## DATA RECORDS
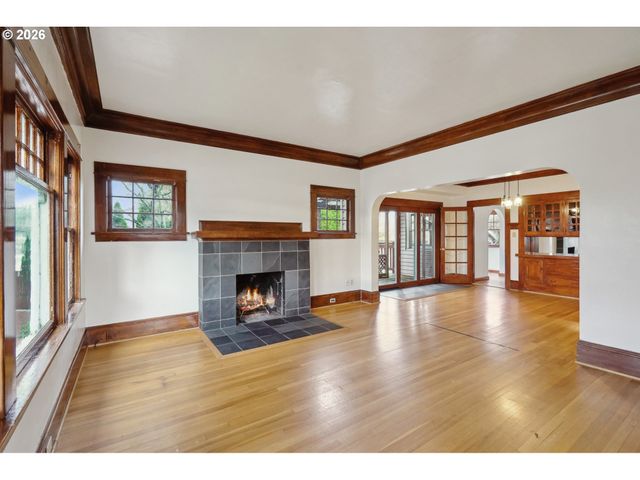 8921 Se WASHINGTON St, Portland, OR 97216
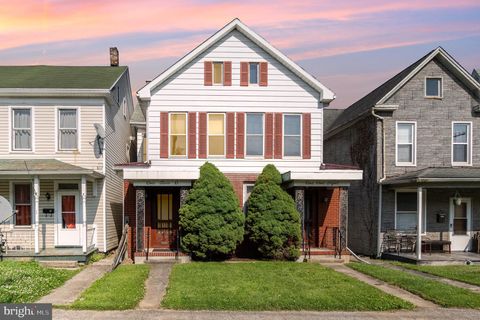 Townhouse For Sale - 120 Shaw Avenue<br/> Mifflin County, LEWISTOWN, PA 17044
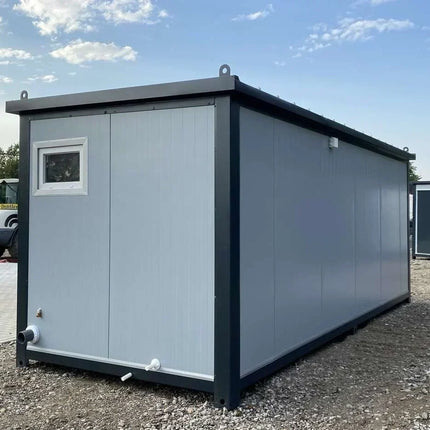 Büroinhalt 6,00 x 2,40 m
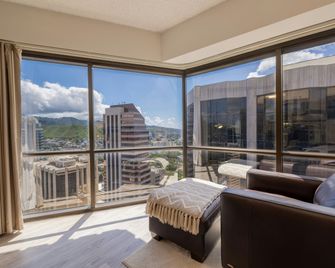 Bishop Suites at The Executive Centre - Honolulu - Balkon
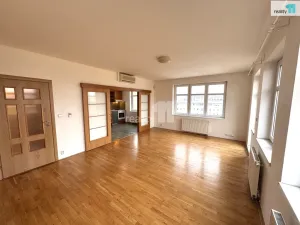 Pronájem bytu 3+1, Praha - Vysočany, Kolbenova, 100 m2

## ACTIVITY
An exact restatement of the lines from the one holding "Townhouse For Sale" through the end of the entries, both ends included, is the whole answer. Pictures stay out.

## ANSWER FOR THE TASK
 Townhouse For Sale - 120 Shaw Avenue<br/> Mifflin County, LEWISTOWN, PA 17044
 Büroinhalt 6,00 x 2,40 m
 Bishop Suites at The Executive Centre - Honolulu - Balkon
 Pronájem bytu 3+1, Praha - Vysočany, Kolbenova, 100 m2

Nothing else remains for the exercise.